Content starts

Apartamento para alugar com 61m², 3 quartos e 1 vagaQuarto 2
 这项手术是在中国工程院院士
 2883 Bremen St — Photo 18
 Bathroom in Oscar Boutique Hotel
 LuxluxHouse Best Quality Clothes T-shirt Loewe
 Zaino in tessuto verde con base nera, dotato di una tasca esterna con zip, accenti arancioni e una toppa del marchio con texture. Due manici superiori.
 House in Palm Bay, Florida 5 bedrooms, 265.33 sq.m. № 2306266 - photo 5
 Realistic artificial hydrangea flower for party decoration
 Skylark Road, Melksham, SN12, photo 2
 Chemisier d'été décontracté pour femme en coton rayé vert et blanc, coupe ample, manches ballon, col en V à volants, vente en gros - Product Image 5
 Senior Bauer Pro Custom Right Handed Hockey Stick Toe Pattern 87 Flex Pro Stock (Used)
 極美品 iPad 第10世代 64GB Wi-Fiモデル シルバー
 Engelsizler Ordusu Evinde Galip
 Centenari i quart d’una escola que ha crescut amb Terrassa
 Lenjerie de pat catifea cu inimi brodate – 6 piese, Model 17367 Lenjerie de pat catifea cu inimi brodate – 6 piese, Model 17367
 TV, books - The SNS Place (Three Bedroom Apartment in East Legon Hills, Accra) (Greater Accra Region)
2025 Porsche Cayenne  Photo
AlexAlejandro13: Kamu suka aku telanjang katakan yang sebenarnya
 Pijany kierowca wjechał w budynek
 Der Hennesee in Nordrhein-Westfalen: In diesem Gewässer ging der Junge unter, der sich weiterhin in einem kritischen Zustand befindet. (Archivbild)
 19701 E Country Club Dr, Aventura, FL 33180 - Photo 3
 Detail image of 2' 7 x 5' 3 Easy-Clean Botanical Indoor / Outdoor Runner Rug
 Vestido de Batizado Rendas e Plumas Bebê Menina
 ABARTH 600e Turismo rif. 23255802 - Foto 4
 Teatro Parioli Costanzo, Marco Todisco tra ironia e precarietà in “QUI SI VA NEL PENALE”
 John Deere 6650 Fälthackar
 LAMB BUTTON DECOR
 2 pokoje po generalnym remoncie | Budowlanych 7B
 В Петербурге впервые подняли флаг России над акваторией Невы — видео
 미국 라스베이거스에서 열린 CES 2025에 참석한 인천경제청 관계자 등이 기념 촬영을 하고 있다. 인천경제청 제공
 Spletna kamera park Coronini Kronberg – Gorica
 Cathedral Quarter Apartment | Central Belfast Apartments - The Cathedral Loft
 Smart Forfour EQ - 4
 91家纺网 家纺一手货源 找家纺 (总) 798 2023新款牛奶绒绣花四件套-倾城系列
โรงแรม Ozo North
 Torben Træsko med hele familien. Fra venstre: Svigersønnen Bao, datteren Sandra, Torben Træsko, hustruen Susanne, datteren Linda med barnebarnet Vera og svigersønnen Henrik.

Content ends

Please return all of the records exactly.

**Exercise result**
Apartamento para alugar com 61m², 3 quartos e 1 vagaQuarto 2
 这项手术是在中国工程院院士
 2883 Bremen St — Photo 18
 Bathroom in Oscar Boutique Hotel
 LuxluxHouse Best Quality Clothes T-shirt Loewe
 Zaino in tessuto verde con base nera, dotato di una tasca esterna con zip, accenti arancioni e una toppa del marchio con texture. Due manici superiori.
 House in Palm Bay, Florida 5 bedrooms, 265.33 sq.m. № 2306266 - photo 5
 Realistic artificial hydrangea flower for party decoration
 Skylark Road, Melksham, SN12, photo 2
 Chemisier d'été décontracté pour femme en coton rayé vert et blanc, coupe ample, manches ballon, col en V à volants, vente en gros - Product Image 5
 Senior Bauer Pro Custom Right Handed Hockey Stick Toe Pattern 87 Flex Pro Stock (Used)
 極美品 iPad 第10世代 64GB Wi-Fiモデル シルバー
 Engelsizler Ordusu Evinde Galip
 Centenari i quart d’una escola que ha crescut amb Terrassa
 Lenjerie de pat catifea cu inimi brodate – 6 piese, Model 17367 Lenjerie de pat catifea cu inimi brodate – 6 piese, Model 17367
 TV, books - The SNS Place (Three Bedroom Apartment in East Legon Hills, Accra) (Greater Accra Region)
2025 Porsche Cayenne  Photo
AlexAlejandro13: Kamu suka aku telanjang katakan yang sebenarnya
 Pijany kierowca wjechał w budynek
 Der Hennesee in Nordrhein-Westfalen: In diesem Gewässer ging der Junge unter, der sich weiterhin in einem kritischen Zustand befindet. (Archivbild)
 19701 E Country Club Dr, Aventura, FL 33180 - Photo 3
 Detail image of 2' 7 x 5' 3 Easy-Clean Botanical Indoor / Outdoor Runner Rug
 Vestido de Batizado Rendas e Plumas Bebê Menina
 ABARTH 600e Turismo rif. 23255802 - Foto 4
 Teatro Parioli Costanzo, Marco Todisco tra ironia e precarietà in “QUI SI VA NEL PENALE”
 John Deere 6650 Fälthackar
 LAMB BUTTON DECOR
 2 pokoje po generalnym remoncie | Budowlanych 7B
 В Петербурге впервые подняли флаг России над акваторией Невы — видео
 미국 라스베이거스에서 열린 CES 2025에 참석한 인천경제청 관계자 등이 기념 촬영을 하고 있다. 인천경제청 제공
 Spletna kamera park Coronini Kronberg – Gorica
 Cathedral Quarter Apartment | Central Belfast Apartments - The Cathedral Loft
 Smart Forfour EQ - 4
 91家纺网 家纺一手货源 找家纺 (总) 798 2023新款牛奶绒绣花四件套-倾城系列
โรงแรม Ozo North
 Torben Træsko med hele familien. Fra venstre: Svigersønnen Bao, datteren Sandra, Torben Træsko, hustruen Susanne, datteren Linda med barnebarnet Vera og svigersønnen Henrik.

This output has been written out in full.